In a poem about remembrance of loss sparked by looking at a photograph of a child’s bedroom in which hangs a painting of a whale, Nathaniel Bellows writes, “I see how the artist made it all up – I know the need,/ the penchant for invention.” In his debut collection of poems, Why Speak?, Bellows is interested in a kind of inventive truth-telling which demystifies childhood memory and reveals a coming of age story in rural New England. It is inventive in the sense that Bellows pulls from memory, an ornament he constructs and details into poems which employ multiple narratives, and engage with the natural world and its particulars while remaining remarkably lucid.

These are the poems of a deeply introspective poet. They are willing to risk sentimentality in their curiosity about the emotive nature of human life, whether as an adolescent growing up in the country, or a young writer living in New York. Yet for Bellows these interests are approached with a certain kind of delicate restraint. In “The Good Shepherd,” a poem which appears early in the book, a young boy learns about impermanence after seeing his mother’s car drive away from the family home.
…as my hand would rest on the cool chrome of her car each

time she drove out the driveway. I would chase her. It was a game,
a practicing, as the car slid out from under my hand the way coins slide

hesitantly from one palm to the other, or into the mouth of a jar, or
as the dart’s departure from the well-intentioned grip takes its leave

as the fair does, suddenly, without fair warning, each lynchpin pulled,
flatbeds packed, hauling onto the highway.
Bellows’s language is not cloaked in abstraction. He says exactly what he means, even as he moves in and out of metaphor. And it is his precision and ability to locate the emotional core of a moment, and his choosing to further lean into it, that allow the quiet revelations we come to find and appreciate as readers.
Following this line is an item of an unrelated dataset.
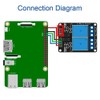 OcioDual 5V 10A 2 Channel Relay Module Compatible with Raspberry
Why Speak? is comprised of four sections, taking us from the masculine New England pastoral of his childhood to the museums of the cities he later visits—Boston and New York. In looking at the paintings of Howard Pyle, Bellows begins to identify the personal in the socio-historical. It is precisely through the act of looking—a kind of mantra throughout the book, whether what is being looked at is a mare giving birth or a piece of furniture—that Bellows comes to realize that to speak in an attempt to grasp or pin down meaning is unnecessary. Through observation he discovers that our articulations of the world inevitably fail. They are flawed and incomplete,
...Like flowers: bloom,
wither…or birds: soar, shot from the sky. Don’t you see? Who knows what
to make of that moment? Our hands…we don’t plan these things.
We don’t need the meaning. So why speak about it? Why speak?
Yet Bellows has spoken. He has written a beautiful book in praise of the redemptive nature of silence and perception. And although he never claims to, it seems he has understood much about the landscapes he inhabited—landscapes which continue to haunt us long after we leave the poems.